Sembra sempre una sfida impossibile, eppure tu ci sei riuscita. Dunque si può vivere di cultura e valorizzazione territoriale?

«È una sfida entusiasmante, non impossibile, ma sicuramente molto, molto difficile. Richiede dedizione, concentrazione, tempo, energie, fantasia. Se le soddisfazioni sono tante le delusioni non sono meno, non c’è una stabilità né un modello simile già affermato da seguire, per cui bisogna sapere coltivare la fiducia e la speranza che le cose andranno per il verso giusto e che quello che sogniamo si realizzerà. E per fare ciò, occorrono costanza, perseveranza e non è sempre facile. Ciò vale per tutte le professioni, ovviamente. Diciamo che, nel contesto della Valle Imagna, c’è ancora moltissimo lavoro da fare per la promozione del territorio e, soprattutto, della cultura».

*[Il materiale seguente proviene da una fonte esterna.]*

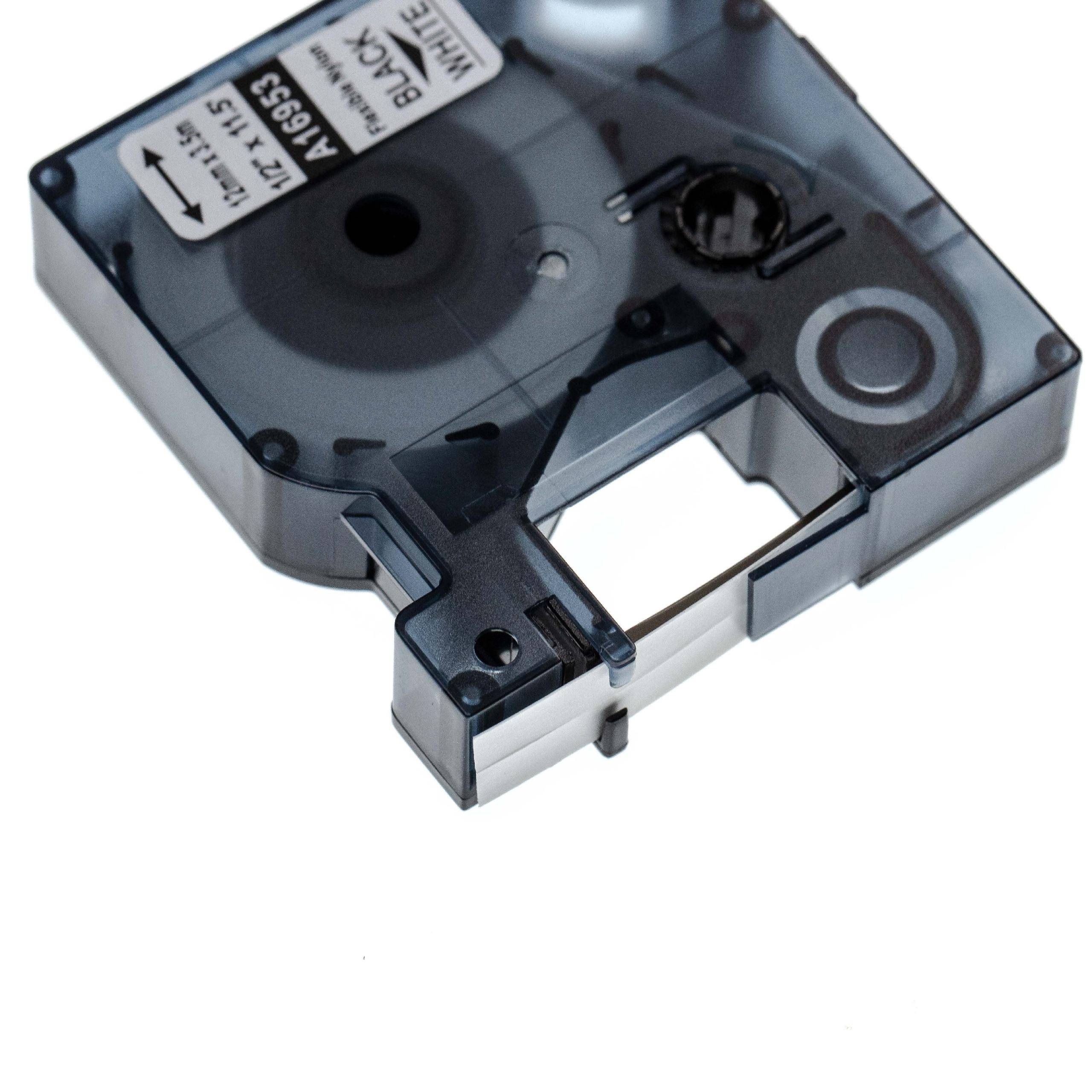 vhbw Schriftband-Kassette kompatibel mit Dymo LabelWriter Duo 400 | Duo, Duo 450 Etiketten-Drucker 3,5m x 12mm Schwarz auf Weiß, Flexibel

Cosa consigli a una ragazza che vorrebbe realizzarsi senza lasciare la valle? Cosa studiare e quali percorsi seguire?

«Onestamente non so rispondere! Non credo ci siano strade migliori di altre da seguire. In modo contorto, magari prendendo (e insieme perdendo) tempo, ho sempre fatto quello che mi piaceva. Il mio percorso professionale e di studio non sembra avere alcuna coerenza. Però tutto ciò che ho sperimentato e appreso, in qualche modo, mi è servito ad acquisire diverse competenze e a essere determinata a portare a termine i miei progetti. Quel che conta è sapersi mettere in gioco ma con serietà, sperimentando e studiando».

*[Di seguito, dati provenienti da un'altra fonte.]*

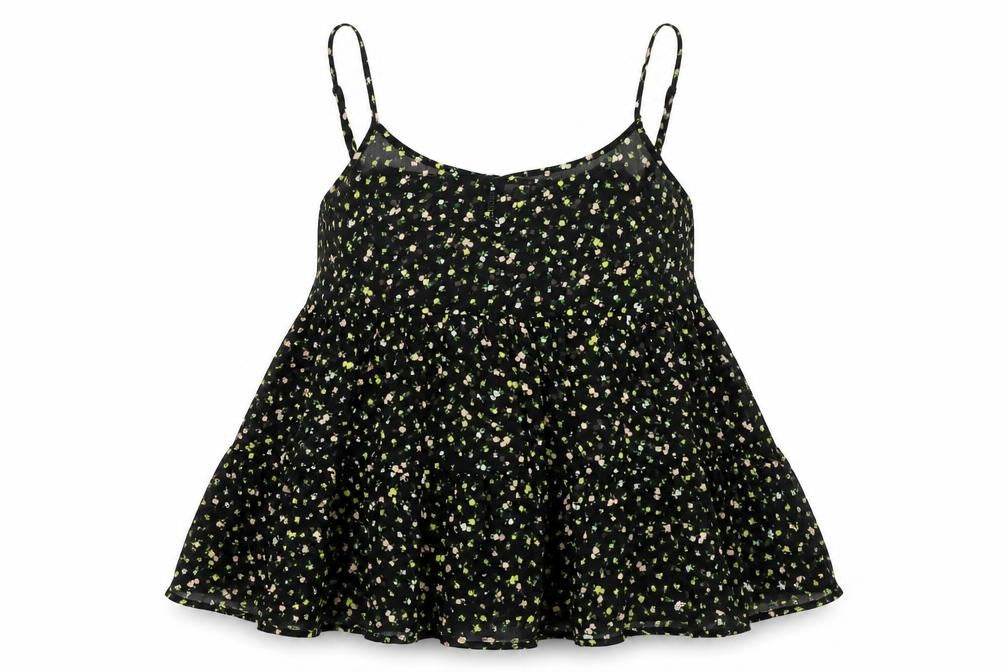 Divided by H&M Womens Black Floral Polyester Camisole Tank Size 8 Scoop Neck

Quanto siamo diverse dalle nostre mamme, nonne e bisnonne?

«Le nostre nonne sono donne che non si sono risparmiate, che hanno sempre lavorato. Non per se stesse, credo, ma più per la famiglia, per gli altri. Mi piace pensare che siano felici le donne della nostra generazione, che conservino la loro forza e quel carattere, ma che, a differenza loro, possano scegliere in cosa investirli, essere libere e appagate».

In un mondo che corre, che parla lingue diverse, naviga e non conosce confini, quali sfide deve affrontare la Valle Imagna?

«Smettere di pensare “in piccolo”, valorizzare le proprie risorse e potenzialità».